La izquierda se muestra dividida. El Partido Comunista Revolucionario reprueba una eventual despenalización de la marihuana pues reforzaría la explotación y el embrutecimiento de los sectores obreros, mientras el Partido de los Trabajadores Socialistas la apoya e incluso respalda la legalización.

Recientemente, Ernesto Sanz anunció un “Plan Nacional de Combate al Narcotráfico”, en el marco de su programa sobre seguridad. En general, sus iniciativas versan más sobre la oferta que sobre la demanda; algo que el país debiera modificar notablemente pues ni siquiera se tienen aquí los niveles (60-65 por ciento destinados a la oferta y 35-40 por ciento a la demanda) de Estados Unidos y varios países de la región en materia de lucha contra las drogas. Como ha mostrado un estudio de la Sedronar, la Argentina destina el 1,2 por ciento del PIB a las tareas antidrogas: el 95 por ciento a reducir la oferta y apenas el 5 por ciento al tratamiento y la prevención. Sanz sugiere también medidas contra el crimen organizado y, entre ellas, menciona una que vale la pena evaluar hacia el futuro: “La federalización escalonada de las fuerzas de seguridad. De este modo, el control inmediato de la seguridad y la delincuencia organizada debería estructurarse desde el Estado federal hacia abajo, en vez de desde abajo (municipios) hacia arriba (provincia y Estado federal)”.

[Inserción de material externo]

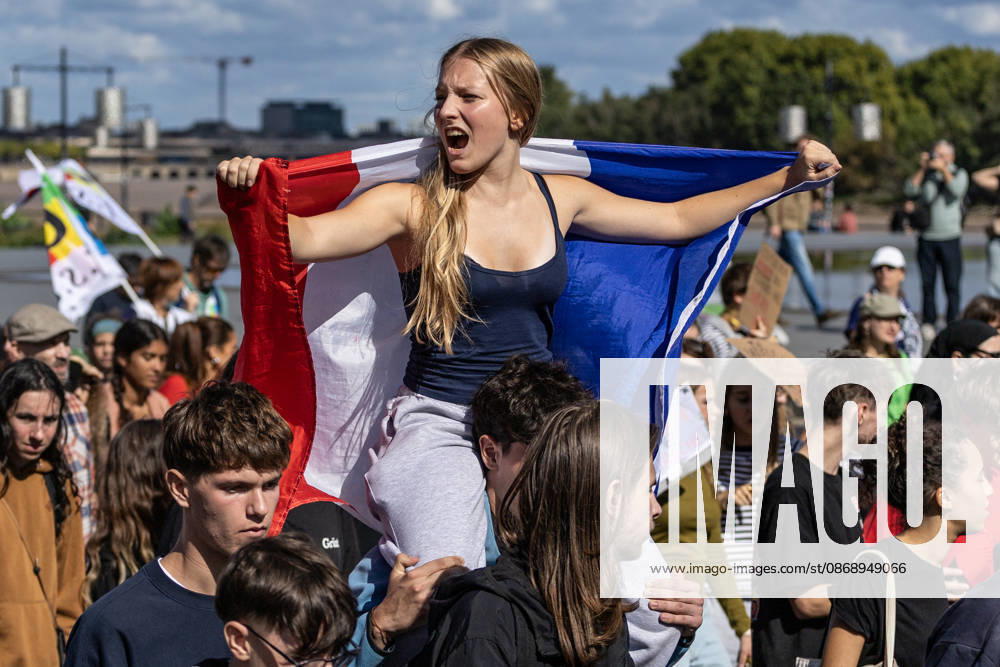 Students Demonstration Over Education Conditions - Bordeaux High school students demonstrate in the streets during a nationwide mobilization calling for more resources and improved conditions in school, in Bordeaux, France, on October 8, 2026. Photo by Margot Le Gonidec ABACAPRESS.COM Bordeaux France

Margarita Stolbizer ha planteado la creación de una Agencia Federal dedicada a delitos complejos como el crimen organizado. En este sentido, probablemente el modelo que merezca estudiarse es el del National Crime Agency de Gran Bretaña. Si se trata de desarticular el fenómeno del narcotráfico resulta esencial apuntar a la criminalidad organizada y ello exige muy buena inteligencia, coordinación efectiva en el Estado y colaboración internacional.

A nivel provincial, el tema de las drogas estuvo presente en la contienda por la gobernación de Santa Fe. Y ahora es evidente en la competencia por la gobernación de Buenos Aires. Sin embargo, el debate provincial no es promisorio pues más allá de chicanas provenientes del Frente Renovador, de peleas en el seno del Frente para la Victoria y del silencio en el PRO, no ha surgido ninguna propuesta sobre el tema medular: la necesidad de una reforma a fondo de la policía bonaerense.

Así, el asunto de las drogas ha sido, y seguramente seguirá siendo, objeto de polémica electoral. Sin embargo, el hecho de que no exista un diagnóstico integral, ni en su dimensión provincial y nacional o regional y mundial, hace que, en general, se propongan iniciativas y medidas retóricas y erradas. Eso prenuncia la ausencia de voluntad política para impulsar políticas razonables e innovadoras. Entre los principales presidenciables sigue predominando la idea de cómo incorporar al país a la anacrónica y fútil “guerra contra las drogas”.

* Director del Departamento de Ciencia Política y Estudios Internacionales de la Universidad Di Tella.